INT. RESTAURANTE - NOITE
No salão
principal dum restaurante com aspecto moderno
repleto de PESSOAS há duas mesas que se destacam.
Numa está MIGUEL(25) e RUI(25), dois jovens rapazes
vestidos com roupas modernas, cabelos
penteados meticulosamente com muito
gel. A linguagem corporal de Rui é efeminada. Já não têm pratos, estão ambos a beber
digestivos.
Noutra mesa
está ALBERTO(25) e MARTA(25). Ele está notoriamente aborrecido e ela mexe-se
como que impaciente. Esperam o ser servidos.
As duas
mesas são separadas, mas próximas o suficiente para que
as conversas se consigam
ouvir duma mesa para a outra.
MIGUEL
Gostaste?
RUI
Sim. As tuas escolhas
gastronómicas estão cada vez melhores.
Miguel sorri.
MIGUEL
Bebe mais, tenho novidades
para ti.
Miguel dá um trago mais longo na sua bebida.
MIGUEL (CONT)
Desde que chegámos que tenho estado
a ganhar coragem para te dizer o
que tenho para dizer.
Rui sobressalta-se em expectativa.
RUI
O que é?
Miguel agarra
nas mãos de Rui, olha nos olhos dele com amor.
Na mesa
ao lado Alberto observa a situação e está cada vez mais incomodado.
Miguel engole
em seco, a preparar-se para falar.
MIGUEL
Sabes que eu te adoro e que és tudo
para mim.
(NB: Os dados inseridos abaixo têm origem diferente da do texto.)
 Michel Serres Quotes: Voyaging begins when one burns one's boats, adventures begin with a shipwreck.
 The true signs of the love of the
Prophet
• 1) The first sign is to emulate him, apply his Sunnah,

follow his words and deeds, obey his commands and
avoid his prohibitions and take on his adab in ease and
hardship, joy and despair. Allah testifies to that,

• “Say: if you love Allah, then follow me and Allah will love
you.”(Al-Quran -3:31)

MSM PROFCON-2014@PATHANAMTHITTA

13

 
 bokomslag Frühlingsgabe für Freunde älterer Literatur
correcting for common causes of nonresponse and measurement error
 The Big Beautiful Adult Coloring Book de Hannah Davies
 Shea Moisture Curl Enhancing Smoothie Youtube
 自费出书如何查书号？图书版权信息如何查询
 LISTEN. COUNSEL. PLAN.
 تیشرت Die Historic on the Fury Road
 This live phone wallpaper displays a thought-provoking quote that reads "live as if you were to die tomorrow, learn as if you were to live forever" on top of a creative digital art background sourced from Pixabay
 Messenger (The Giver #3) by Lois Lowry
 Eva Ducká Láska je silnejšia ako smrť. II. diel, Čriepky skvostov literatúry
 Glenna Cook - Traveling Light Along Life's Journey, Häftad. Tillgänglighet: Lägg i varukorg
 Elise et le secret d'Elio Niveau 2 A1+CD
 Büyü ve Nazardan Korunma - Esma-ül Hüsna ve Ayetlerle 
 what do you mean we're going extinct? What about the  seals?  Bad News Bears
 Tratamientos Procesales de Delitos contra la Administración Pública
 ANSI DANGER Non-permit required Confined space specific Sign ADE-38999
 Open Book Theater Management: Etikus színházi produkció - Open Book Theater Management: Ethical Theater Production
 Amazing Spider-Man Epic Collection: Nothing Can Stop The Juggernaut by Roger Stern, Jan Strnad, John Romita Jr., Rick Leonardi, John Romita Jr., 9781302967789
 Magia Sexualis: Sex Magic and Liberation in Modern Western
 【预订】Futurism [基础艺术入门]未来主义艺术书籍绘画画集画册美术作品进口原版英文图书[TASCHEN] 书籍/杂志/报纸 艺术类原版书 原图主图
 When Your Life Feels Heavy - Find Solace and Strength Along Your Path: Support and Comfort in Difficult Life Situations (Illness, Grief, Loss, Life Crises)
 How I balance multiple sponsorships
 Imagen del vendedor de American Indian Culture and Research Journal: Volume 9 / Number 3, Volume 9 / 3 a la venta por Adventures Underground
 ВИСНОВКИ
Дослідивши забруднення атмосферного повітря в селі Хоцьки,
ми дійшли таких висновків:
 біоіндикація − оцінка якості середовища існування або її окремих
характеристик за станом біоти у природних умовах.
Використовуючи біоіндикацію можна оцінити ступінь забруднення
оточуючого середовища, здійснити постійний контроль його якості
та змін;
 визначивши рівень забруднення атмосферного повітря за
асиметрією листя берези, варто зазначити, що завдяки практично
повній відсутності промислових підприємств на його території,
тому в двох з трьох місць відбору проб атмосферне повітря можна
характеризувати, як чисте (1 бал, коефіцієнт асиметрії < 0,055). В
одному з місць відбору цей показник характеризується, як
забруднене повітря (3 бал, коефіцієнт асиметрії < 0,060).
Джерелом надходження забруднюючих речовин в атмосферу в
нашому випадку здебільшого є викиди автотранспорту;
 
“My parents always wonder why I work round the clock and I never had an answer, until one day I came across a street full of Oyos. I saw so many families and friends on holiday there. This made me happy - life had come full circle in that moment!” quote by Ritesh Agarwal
A minha questão é? Queres
oficializar a nossa união.
Rui exalta-se em felicidade.
2.
RUI
Estás a propor-me em casamento?
Claro que sim!
Nisto Alberto
roda sobre a cadeira e dirige-se em voz assertiva para os dois homens
do lado.
ALBERTO
Não! (pausa) Não aguento
mais!
MIGUEL
Desculpe?
ALBERTO
Agora é que não desculpo! Não estou para aturar mais isto. Vocês têm alguma noção...?
MIGUEL (ofendido)
O quê?
Você tem alguma
coisa contra a homossexualidade?
O restaurante pára em silêncio,
dirigindo as suas atenções para aquelas duas mesas.
ALBERTO
Eu não. Mas já não aguento
mais.
Vocês estão a criar precedentes que
me afectam a mim directamente.
MIGUEL
Desculpe mas você está a ser mal
educado. Eu nem o conheço de lado
nenhum.
Marta que até ali tem sido uma simples
espectadora incrédula, tenta acalmar Alberto.
MARTA
O que é que te deu? Pára com isso!
Alberto agora toma uma atitude mais calma e dirige-se ao outros
dois homens.
ALBERTO
Eu passo a explicar: Eu não tenho
nada contra a homossexualidade, mas
vocês criam objectivos que eu não
estou capacitado a atingir.
Primeiro, os perfumes. Eu nunca tinha usado perfume na vida, até a
(CONTINUA)
3.
ALBERTO (CONTINUA)
minha namorada me vir com história
que um amigo gay dela tinha um
perfume qualquer
que sabia a
morangos... logo passei a usar... e
sou alérgico a morangos.
Marta sorri
e acena afirmativamente.
ALBERTO (CONT)
Segundo. Gel no cabelo?
O tempo que
agora demoro só para me pentear!
Só
porque o amigo gay dela usa uns
penteados muito
modernos.
Rui e Miguel agora adoptam uma pose mais relaxada mas curiosa.
ALBERTO
(CONT) Depilação no peito?
A sério? Eu tenho
mais pelo que um São Bernardo... Aquilo custa a arrancar... E tudo por causa do amigo gay.
MARTA
Mas é mais suave ao toque.
Alberto olha para ela com cara de chateado.
ALBERTO
Agora venho jantar com ela a um
sítio todo fino só porque ela faz
anos, e vocês começam
a falar em
casamento?... Eu queria mesmo era a
irmã!
Marta levanta-se subitamente, dá um estalo violento
na cara de Alberto e sai.
Alberto resigna-se no seu lugar.
ALBERTO
Não vale a pena desperdiçar um
perfume caro e o peito depilado.
A
seguir, vocês vão beber um copo a
algum lado?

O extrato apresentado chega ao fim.